While it is undoubtedly true that the front bumper is less than suitable for a secret GPS tracking device as it often houses much wiring for items like the lighting system in your vehicle, the temperature sensor, and more. Installing such an object at this location is not difficult and should, therefore, be one of the first places you search.

 

Sadly, this also includes some bad news because this area appears to be on the problematic side; you might not be able to check yourself for a tacking tool here. Even if you have the expertise to tear your car away from such a critical component and put it back together again, you still don’t have the equipment you need to do that. That’s why you are probably will want to call your trustworthy mechanic to make sure the job is done correctly.

 

Check for a little black box or a set of wires that don’t belong until you take the front bumper apart. If a tracker is mounted here, it is probably connected to your car’s power supply, which means that it can transmit from almost any place for a very long time.

 

Rear Bumper

This situation is very similar to your front bumper and is not the best place in the world to mount a secret GPS tracker for a variety of reasons. Your rear bumper once again houses many critical wires for the electrical systems of your vehicle, primarily those that control your lights and the other external sensors that your car’s computer uses to help you out while driving.

 

To complicate matters a little more, if your car has a Backup Camera and if it has been purchased in the last few years, there will probably be additional cables dedicated to that device at that venue. Once, you’ll probably want to call your local mechanic to help you out if you think that a secret GPS device might be in your rear bumper.

 

If you choose to go it yourself, take a look at the cable diagrams and get out your car’s instruction manual.
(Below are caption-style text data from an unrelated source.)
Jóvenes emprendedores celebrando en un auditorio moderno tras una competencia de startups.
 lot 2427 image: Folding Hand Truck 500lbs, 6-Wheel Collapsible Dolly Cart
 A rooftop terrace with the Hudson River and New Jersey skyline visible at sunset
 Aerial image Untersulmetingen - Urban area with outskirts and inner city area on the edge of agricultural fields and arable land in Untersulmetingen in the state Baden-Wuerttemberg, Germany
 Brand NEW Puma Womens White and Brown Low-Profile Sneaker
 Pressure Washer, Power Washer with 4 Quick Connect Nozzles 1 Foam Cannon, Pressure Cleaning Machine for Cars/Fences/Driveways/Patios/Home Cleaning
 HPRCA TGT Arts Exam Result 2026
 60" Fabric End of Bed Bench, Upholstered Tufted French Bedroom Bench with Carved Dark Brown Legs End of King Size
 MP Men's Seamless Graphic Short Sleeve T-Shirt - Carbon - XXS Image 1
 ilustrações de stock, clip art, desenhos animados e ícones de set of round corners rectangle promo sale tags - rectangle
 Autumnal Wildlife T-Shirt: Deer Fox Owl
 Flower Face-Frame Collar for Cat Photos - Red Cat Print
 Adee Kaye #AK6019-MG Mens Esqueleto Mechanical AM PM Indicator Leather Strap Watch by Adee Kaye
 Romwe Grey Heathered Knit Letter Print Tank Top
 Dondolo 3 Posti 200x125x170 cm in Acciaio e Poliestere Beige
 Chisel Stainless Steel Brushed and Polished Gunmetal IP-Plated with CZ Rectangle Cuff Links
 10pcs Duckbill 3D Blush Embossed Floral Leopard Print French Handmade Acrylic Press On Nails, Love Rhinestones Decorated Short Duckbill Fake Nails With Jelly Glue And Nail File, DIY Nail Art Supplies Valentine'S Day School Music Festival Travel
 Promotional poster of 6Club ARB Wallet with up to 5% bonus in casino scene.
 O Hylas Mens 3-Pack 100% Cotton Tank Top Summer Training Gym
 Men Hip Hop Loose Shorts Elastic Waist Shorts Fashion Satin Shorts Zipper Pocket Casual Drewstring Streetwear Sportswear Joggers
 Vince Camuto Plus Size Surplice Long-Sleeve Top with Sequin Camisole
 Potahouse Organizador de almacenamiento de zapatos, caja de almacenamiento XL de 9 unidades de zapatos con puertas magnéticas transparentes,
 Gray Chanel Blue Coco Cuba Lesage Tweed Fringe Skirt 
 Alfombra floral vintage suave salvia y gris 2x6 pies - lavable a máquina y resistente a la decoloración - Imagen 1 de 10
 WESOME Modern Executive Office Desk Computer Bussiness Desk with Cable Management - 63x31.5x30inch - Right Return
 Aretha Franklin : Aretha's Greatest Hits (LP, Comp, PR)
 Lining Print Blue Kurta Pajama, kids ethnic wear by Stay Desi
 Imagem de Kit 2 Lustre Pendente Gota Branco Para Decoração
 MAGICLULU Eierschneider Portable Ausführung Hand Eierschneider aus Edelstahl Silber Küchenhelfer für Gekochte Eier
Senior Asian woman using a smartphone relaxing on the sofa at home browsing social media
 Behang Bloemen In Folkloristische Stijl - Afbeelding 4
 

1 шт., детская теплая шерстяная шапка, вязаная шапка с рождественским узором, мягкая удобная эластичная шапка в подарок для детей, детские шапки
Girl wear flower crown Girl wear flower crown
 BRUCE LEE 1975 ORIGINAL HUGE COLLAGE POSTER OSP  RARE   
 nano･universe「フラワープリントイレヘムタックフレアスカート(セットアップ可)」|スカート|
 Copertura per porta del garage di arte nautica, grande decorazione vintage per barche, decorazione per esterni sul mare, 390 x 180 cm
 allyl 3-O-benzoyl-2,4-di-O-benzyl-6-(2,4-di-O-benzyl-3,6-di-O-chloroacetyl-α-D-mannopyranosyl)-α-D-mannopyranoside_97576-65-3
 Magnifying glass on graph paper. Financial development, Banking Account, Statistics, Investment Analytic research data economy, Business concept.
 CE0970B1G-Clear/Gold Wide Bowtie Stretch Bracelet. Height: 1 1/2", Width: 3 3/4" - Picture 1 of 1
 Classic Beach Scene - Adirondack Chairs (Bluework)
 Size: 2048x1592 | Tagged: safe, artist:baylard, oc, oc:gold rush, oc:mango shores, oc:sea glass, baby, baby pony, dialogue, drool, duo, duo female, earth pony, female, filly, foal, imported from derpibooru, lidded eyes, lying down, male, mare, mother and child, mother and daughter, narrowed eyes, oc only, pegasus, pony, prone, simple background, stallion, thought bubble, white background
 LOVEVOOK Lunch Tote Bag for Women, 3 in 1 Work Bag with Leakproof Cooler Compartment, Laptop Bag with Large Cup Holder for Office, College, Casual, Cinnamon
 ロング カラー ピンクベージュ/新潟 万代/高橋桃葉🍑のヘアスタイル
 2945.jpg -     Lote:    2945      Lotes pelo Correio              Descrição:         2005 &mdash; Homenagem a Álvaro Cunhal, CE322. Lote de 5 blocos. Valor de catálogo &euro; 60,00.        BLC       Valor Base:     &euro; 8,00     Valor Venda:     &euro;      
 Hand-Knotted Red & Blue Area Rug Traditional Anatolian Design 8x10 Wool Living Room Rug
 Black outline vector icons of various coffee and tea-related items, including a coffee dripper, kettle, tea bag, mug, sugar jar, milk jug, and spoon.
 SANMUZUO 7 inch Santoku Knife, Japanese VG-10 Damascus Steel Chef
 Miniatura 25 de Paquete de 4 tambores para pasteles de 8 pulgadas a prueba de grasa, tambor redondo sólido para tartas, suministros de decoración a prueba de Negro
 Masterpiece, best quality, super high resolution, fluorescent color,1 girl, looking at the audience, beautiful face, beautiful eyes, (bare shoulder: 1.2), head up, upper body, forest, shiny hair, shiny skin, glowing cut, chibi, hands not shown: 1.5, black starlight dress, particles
Compare the manual with what you see, and look for something added after the fact. But do not remove any wires under any circumstances, unless you are sure you know what they are doing. Making the wrong move at this moment in the game could lead to a car you won’t be able to use for some time.

Wheel Wells

Putting hidden tracking devices into any of the four wheels of your vehicle is a bit unlikely to a human. Still, look for tiny boxes, containers, or any unusual objects. The sole objective behind the wheels should be your brakes. If you want to test it all, you might even like to temporarily take the curb out to take a clean look inside. If you see the metal in the spiral form above the spokes, overlook it, it’s not a GPS device. You may want to test your wheel’s metal part; the magnetic tracking device will likely be connected to it.

 

Consoles and More

For vehicles with sunroof or convertible models, your car provides more hang-out spots for GPS trackers. To be sure, remove the covers and find strange wires inside the cover, under the carpets, or under and in between seats. If you encounter one, trace its source. Remember to avoid forcing anything to ruin parts of your car.


What else to do next?

If you still sense in your gut that someone or something is tailing you after investigating both inside and outside of your vehicle, then you have at least two options left. When you know someone who knows what part of a car isn’t, ask someone else to scan your vehicle, they are car alarm installers. If you don’t know anybody, then ask for suggestions from your family and friends. Take your car to the store or let them arrive in your driveway. Unless they know where to put it, so they know just where to get it.